That's almost 500 Chromebooks in all.
“The term 1:1 refers to the ratio of computers to students, and in this pilot, BPS101 is investigating the benefits of each student from having their own device in the classroom,” said Anton Inglese, chief information officer.
The pilot began last fall at Alice Gustafson School where each fifth-grade student was assigned his or her own personal iPad for use in school. Last spring, BPS101 also began to experiment with Chromebooks for about 100 sixth-grade students, according to the Batavia School District website.
In the 1:1 pilot, the district is investigating the impact of technology on learning in the classroom.
“Specifically, we’re looking at how technology can transform teaching and learning by enabling the use of innovative teaching practices, real-time assessment for teachers to make informed decisions about learning, and enhancing our ability to personalize and differentiate instruction for all learners,” Inglese said.
The results have been impressive so far, Inglese said.
“The frequency of innovative teaching practices utilized in the classroom has increased dramatically,” he said. “Teachers and students are using these devices in ways that increase student collaboration, creativity, and critical thinking,” Inglese said.
According to Inglese, student engagement has also increased.
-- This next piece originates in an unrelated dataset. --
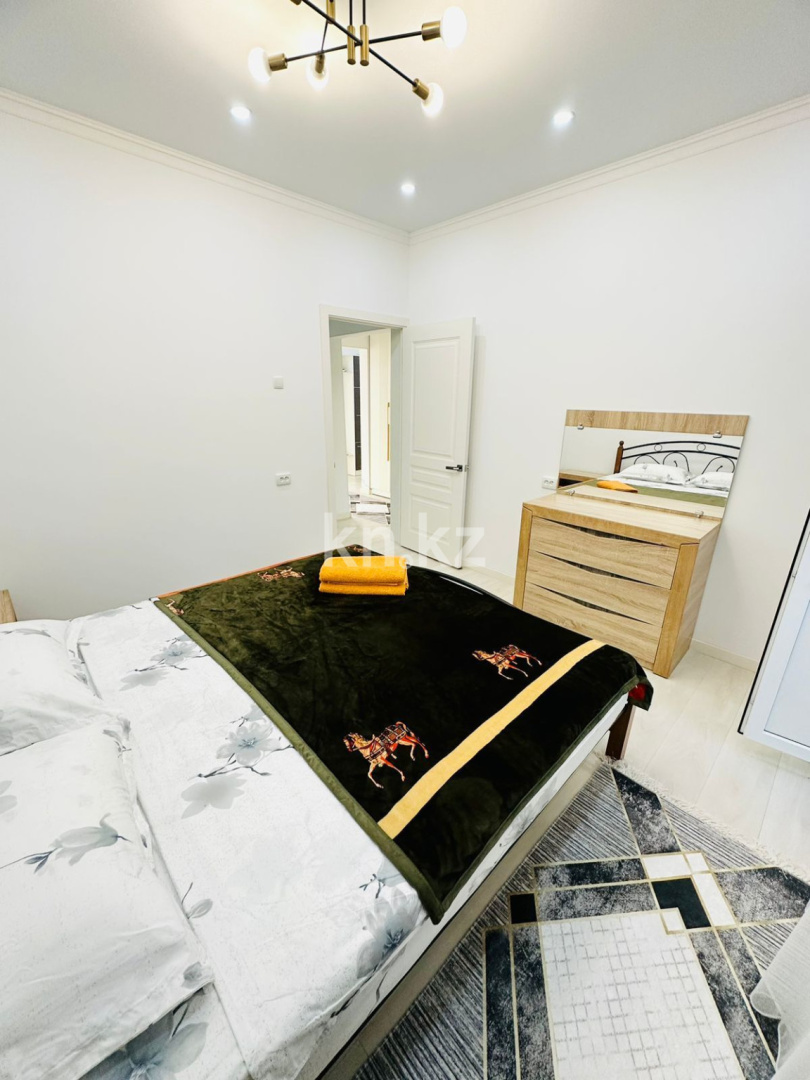 Аренда 2-комнатной квартиры посуточно, 54 м², мкр-н Аксай-4, дом  15 - ул. Жубанова в Алматы - фото 2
“Students are connecting with peers inside and outside of the classroom and learning in a way that was not possible before,” he said.
The district will be using the data and lessons learned from this pilot to determine if 1:1 is the way forward for all students in Batavia schools, and if it is, how and when it will be implemented.
A Chromebook is a personal computer running Chrome OS as its operating system. The devices are designed to be used while connected to the Internet and support applications that reside on the Web, rather than traditional applications that reside on the machine itself.